Let's use another cartesian coordinate system, i.e. whose origin $O$ is distinct from $O_1$ and $O_2$, the origin of respective line coordinate systems.
The probability $p({\mathbf x})$ that lines intersect around position ${\mathbf x}$ is the product of both lines multivariate PDFs :
$$p({\mathbf x}) = p_1(Q_1({\mathbf x}))p_2(Q_2({\mathbf x}))$$
where $Q_1$ and $Q_2$ transform the cartesian coordinate of ${\mathbf x}$ into its coordinates in each line system, except that we only need the azimut and elevation (range ignored).
So, I would like to compute :
$$E(\mathbf{x}) = \int \mathbf{x}p(\mathbf{x})\,d\mathbf{x}$$
which turns out to be rather complex :
$$E({\mathbf x}) = \frac{1}{(2\pi)^2\sqrt{|\Sigma_1||\Sigma_2|}}\int\mathbf{x}e^{-\frac{1}{2}\biggl( (Q_1(\mathbf{x})-\mu_1)^T\Sigma_1^{-1}(Q_1(\mathbf{x})-\mu_1) + (Q_2(\mathbf{x})-\mu_2)^T\Sigma_2^{-1}(Q_2(\mathbf{x})-\mu_2)\biggr)}\,d\mathbf{x}$$
Note that $\mathbf{x}$ is a 3D vector, but $Q_i(\mathbf{x})$ is a 2D vector composed of the azimu and elevation towards the given point in the $i^{th}$ line coordinate system. So I use the bivariate normal distribution.
I would like to avoid computing numerically this integral. With univariate normal distribution the maximum probability for $X$ is also its expectation $E(X)~,~~X\sim N(\mu, \sigma^2)$.
Do you think computing the maximum of $p(\mathbf{x})$ by deriving it would give me the expectation ? Then, how to compute the covariance matrix ?
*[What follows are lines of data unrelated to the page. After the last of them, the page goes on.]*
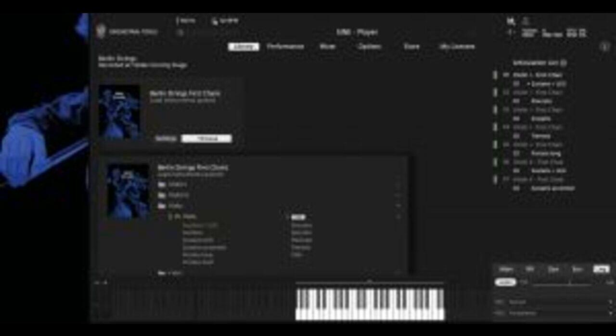Special Bows 2 provides the low strings: five celli and four double basses. All instruments were recorded in situ, with players seated in their standard orchestral positions, using Orchestral Tools' standard multiple microphone placements. This ensures a balanced, spatially coherent sound that blends naturally with other Orchestral Tools collections, particularly the rest of the Berlin Strings family.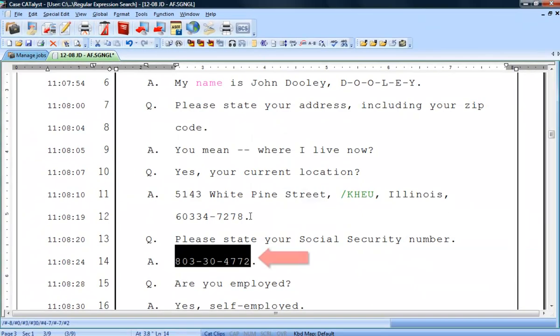When search finds a social security number in your transcript, Catalyst highlights the text of the number. This makes redaction very simple.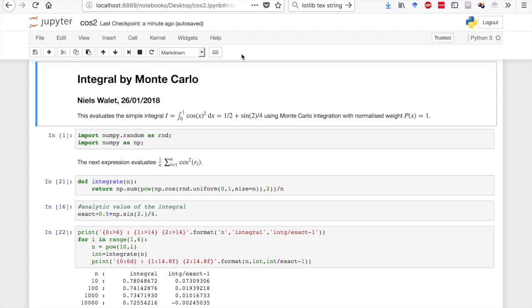Here we shall try to evaluate a very simple integral by Monte Carlo techniques. What we do is we first write down what our integral is, then we import the random number library from NumPy and also NumPy itself, because we're going to need some functions from that just to make our life a little bit easier.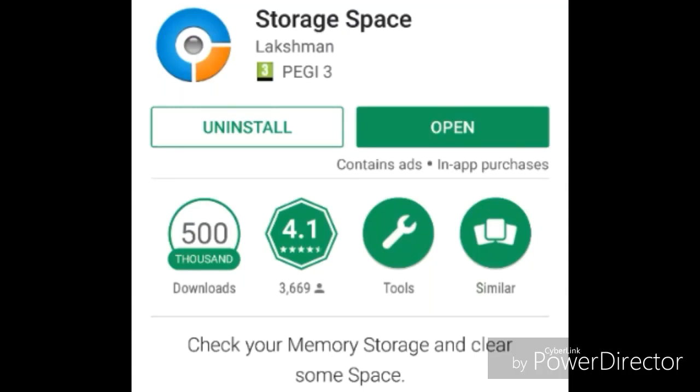So this is an app I came across quite recently and I found that it's very useful for making space on your phone.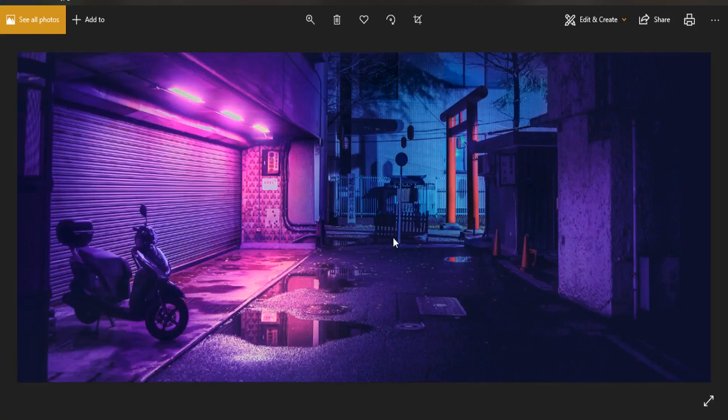Our first step is going to be to match the scale of our reference. This is the scene that we need to recreate. There is a free plugin called fSpy, which gives us the ability to rematch the same proportions of all these dimensions in our scene.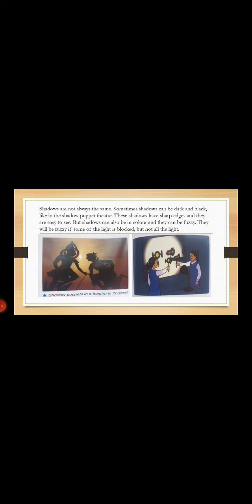But shadows can also be in color, and they can be fuzzy. That means they can be blurry. They will be fuzzy if some of the light is blocked and not all the light. Look at this shadow puppet; it's dark but there is light there also.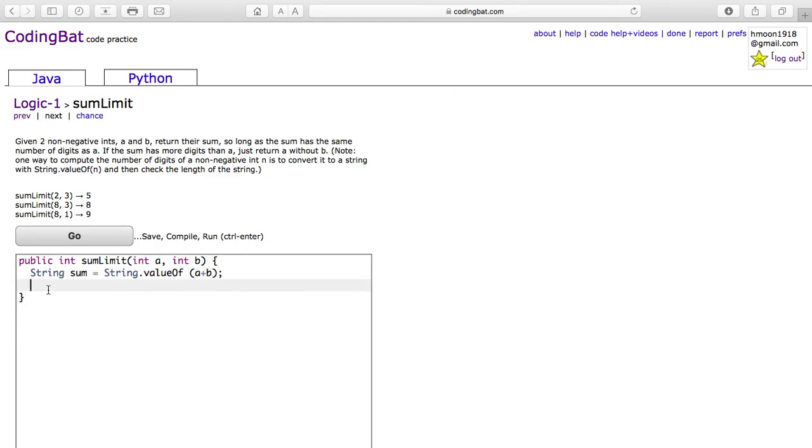Then we're also going to have the string for lengthA. This will equal String.valueOf(a).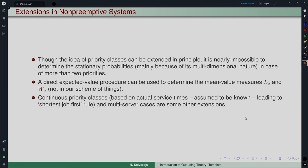Possible extensions of non-preemptive priority systems include more than two priority classes. In principle the analysis is the same, but even for two priorities obtaining steady-state probabilities is very hard, and for more classes it is near impossible due to the multi-dimensional nature. However, if only mean performance measures are needed, a direct expected value procedure can be used — something similar to what we will do for the M/G/1 model later.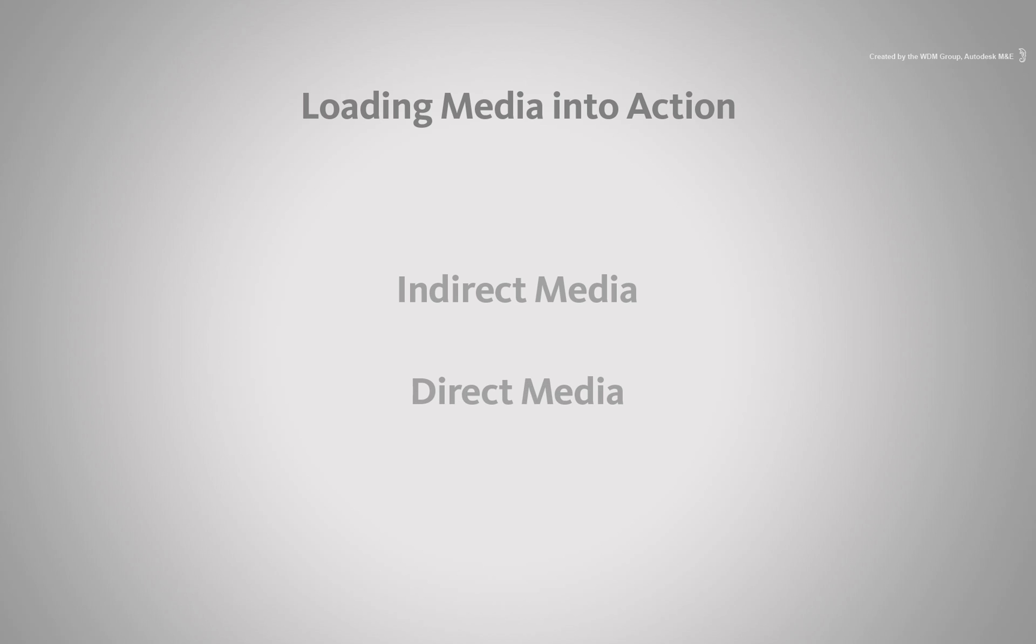Did you know that there are two ways to load media into Action? The indirect method or the direct method.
Thanks for your kind attention
Regards
 A: Let's suppose that the coordinate systems are all identical, so the $Q_1$ and $Q_2$ are the same, and that we're working with a point where the elevation is zero, and the azimuth is far from $0$ or $2\pi$, i.e., far from the singularity in the parameterization. 
The thing you've written down

The probability $p({\mathbf x})$ that lines intersect around position ${\mathbf x}$ is the product of both lines multivariate PDFs :$$p({\mathbf x}) = p_1(Q_1({\mathbf x}))p_2(Q_2({\mathbf x}))$$

is not correct. For if $U$ is a small box around $y$ (i.e., a small region of space corresponding to a small range of azimuth/elevation pairs), then $$\int_U p_1(Q_1(x))~dx
$$
represents the probability that the first line has azimuth and elevation nearly equal to those of $y$...which includes all points in the cone from the origin through all points of $U$, many of which (like, say $37y$) are likely to be far from $y$. A similar statement is true for $p_2(Q_2(...))$. Note that even if each of these probabilities is high, the lines in question generally will not intersect! So in taking a limit as the size of $U$ goes to zero, you're still not computing anything about the probability of two lines intersecting. 
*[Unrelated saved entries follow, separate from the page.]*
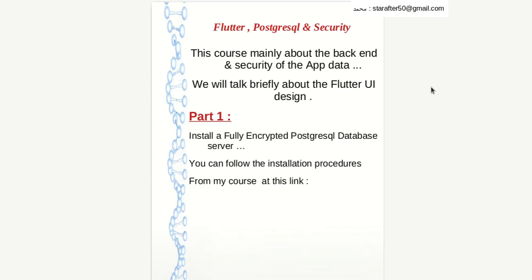Hello friends and welcome to this new course. In this course we will talk about Flutter and database. Usually Flutter uses MySQL or SQLite, but in this course we will talk about PostgreSQL and Flutter. We will also talk about the security of the Android or iOS application. We will talk mainly about the backend and security a little bit, but our focus will be on the backend.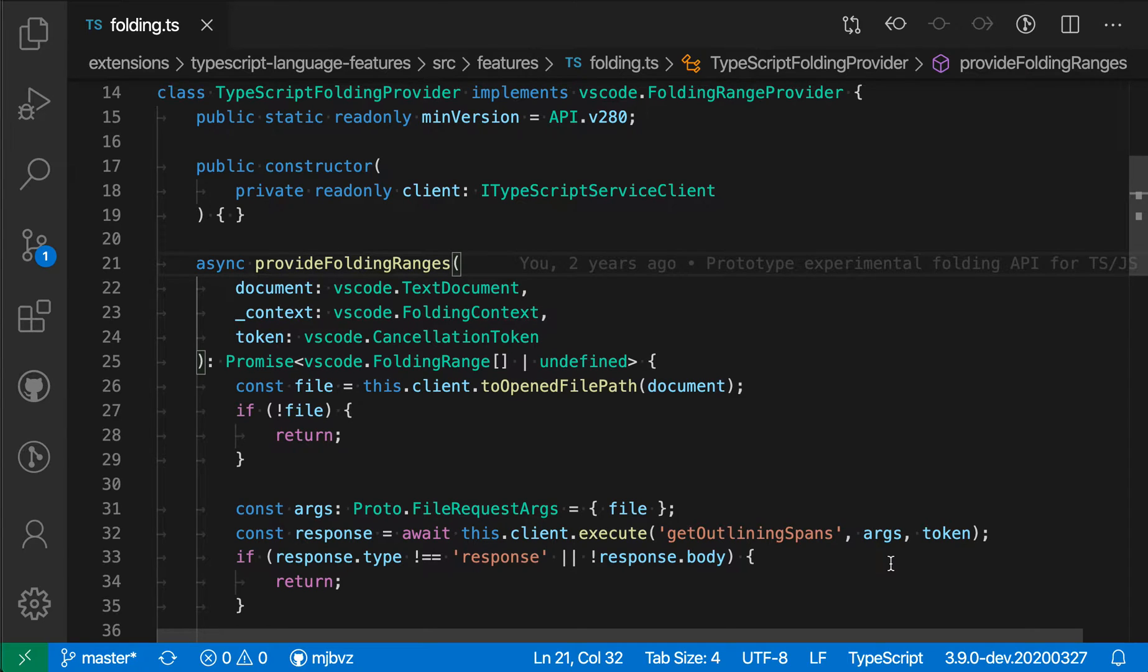The Editor Folding Highlight setting makes it easier to identify which ranges of a file are folded. This setting is enabled by default.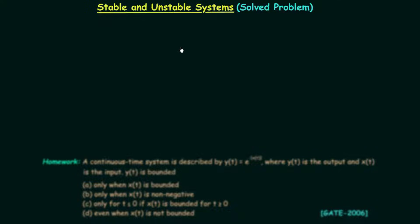In the last lecture we solved two problems and in this lecture we will continue with the problems. So let's start the discussion on the third problem.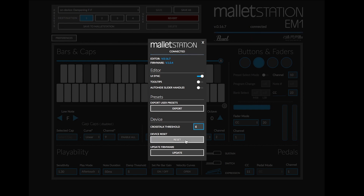You also have the ability to reset your Mallet Station to the factory defaults, as well as update the firmware directly from the Mallet Station editor.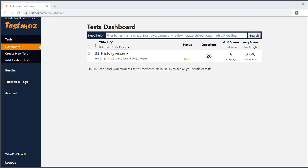Tagging in TestMoz helps you organize your data. If you're not familiar with tags, they are just arbitrary labels you can attach to things to help you search and filter.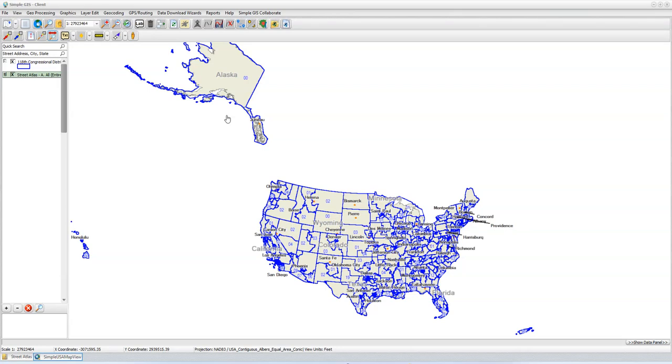Hello everyone. In today's video, I'm going to be demonstrating how you can add insets into your published map document.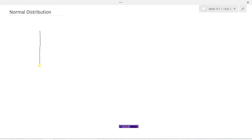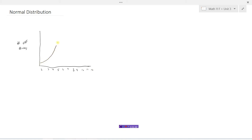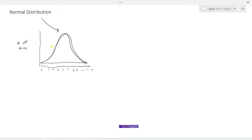If we were to graph this we would have number of rolls on the y-axis and the sums 2 through 12 on the x-axis. It would look something like this — a curve like this. This is what we call a normal distribution, or sometimes we call this the bell curve because it looks like a bell if you draw a line across the bottom.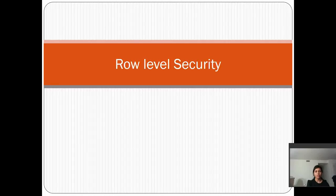Hello everyone, my name is Bindu and in this video I am going to talk about Row Level Security in SQL Server 2016. Let's start this video by understanding what Row Level Security is. In simple terms, it is giving access to the user to view certain records in a table instead of viewing the entire table.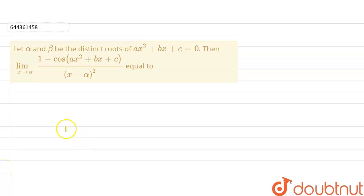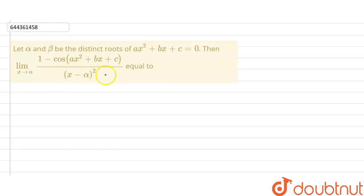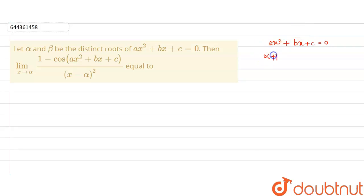Hello friends, we have a question here: alpha and beta are distinct roots of ax² + bx + c = 0. Then find the limit as x tends to alpha of (1 - cos(ax² + bx + c)) upon (x - alpha)² . For the quadratic equation ax² + bx + c = 0, the sum of the roots is alpha + beta = -b/a, and the product of the roots is alpha·beta = c/a.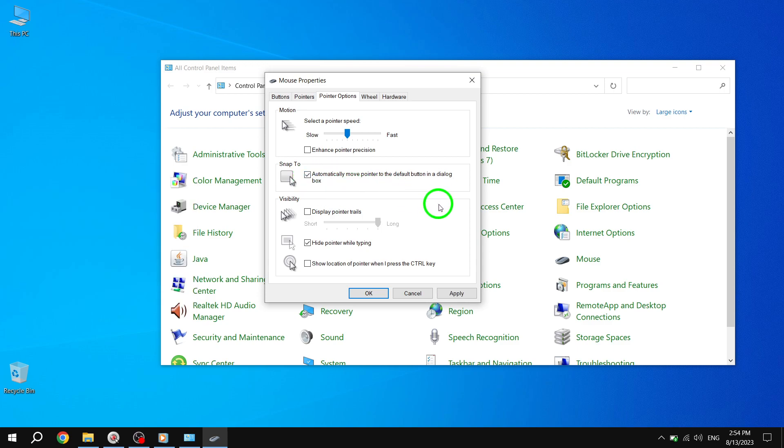And that's it. You have successfully enabled the Automatically Move Pointer to Default button in dialog box feature in Windows 10. Now, whenever a dialog box appears on your screen, the mouse pointer will automatically move to the default button, making it easier for you to navigate and interact with the dialog box.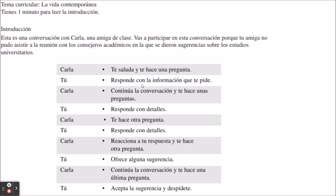Let's look at the conversation layout. At the top left you can see 'Tema Curricular' — the curricular theme is 'La vida contemporánea' (contemporary life). You have one minute to read the introduction. The introduction explains that this is a conversation with Karla, a classmate, and you're participating because your friend couldn't attend the get-together with academic counselors where they gave suggestions about university studies. So you know you'll be talking to your friend using 'tú' about college and your future. Karla always talks first, and your job in each turn is to respond to her questions within 20 seconds.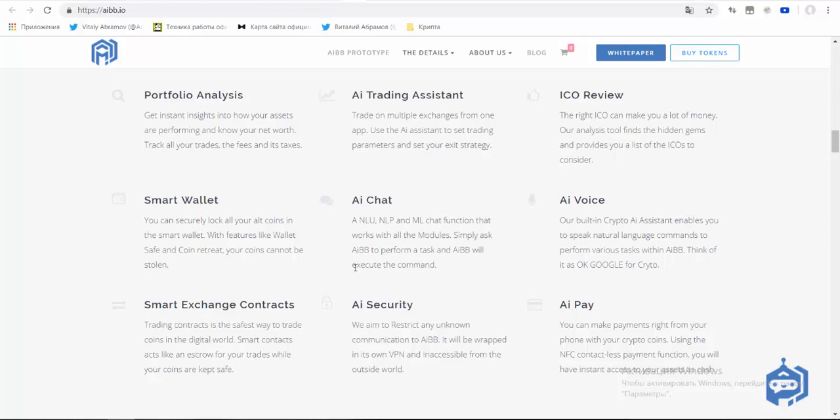The program is constructed utilizing NLU, NLP, and ML proprietary algorithms that investigate the blockchain and scan for data about the best investments. The program has various capabilities.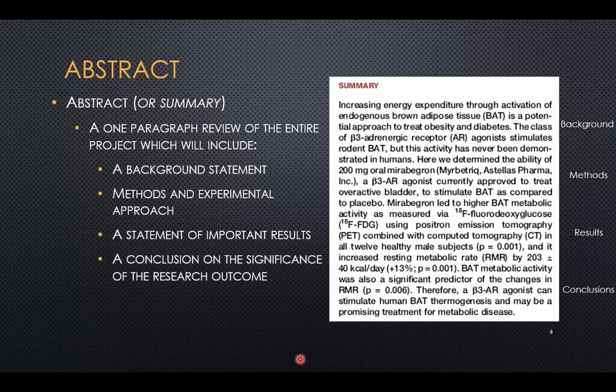The abstract should be a distillation of the entire paper, which means it should include a background section, a little bit of the methods and experimental approach so you know how they chose to attack their problem, a statement of the most important results, and a conclusion. This is one of the reasons why, when you do your literature review and want to know whether to read a paper or whether it follows the line of research you're pursuing, going through the abstract will give you a good idea whether it fits into your collection of papers for your report.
It's possible that despite this, you still actually want to do the integral above. If so, go for it. 
I'd also like to point out that in problems like this, working in azimuth/elevation coordinates is usually a weird choice (unless you're considering, say, a pair of telescopes with azimiuth/elevation drives, and you're uncertain about the control circuitry or something). One problem is that the values you might compute will change completely when the orientation of the coordinate systems (but not the actual point $x$) is changed --- that's usually a bad sign: you'd really like your answers to be a function of the geometry rather than of the coordinate system you've chosen for parameterizing your geometry. Without knowing your particular problem, I can't be sure this is relevant, but I thought I'd mention it. 
A: Thanks for your answeer.
In response, I would like to give you a bit more of the typical context of this question : imagine that you manage several sensors, each one tracking several objects. Sensors are usually placed at distinct locations and many of them will only give you the azimut and elevation of the detected objects in the coordinate system originating on the sensor.
Then, you are asked whether spots detected by sensors correspond to the very same object or not.
This is an issue known as data fusion, there are already some good algorithms to address it. I focus on a particular issue here, I cannot tell you more.
Spots from each sensor comes with some uncertainty due to the sensor measure error itself, the noise received by the sensor and data processing within the sensor itself.
So, if the criteria for deciding to associate some spots from each sensor was that their corresponding lines cross, I would never make any association.
This is why I try to assess the PDF of line intersection in 3D space, that is to say the probability that lines will cross the same space volume, that is to say lines are close enough to consider they point towards the same object.
Trouble is that the density function is not a PDF, because not normalized. However one can still compute an expectation and a covariance matrix.
Regards
A: I am trying in the sequel to develop as much rigorously as possible how I would like to solve my first question.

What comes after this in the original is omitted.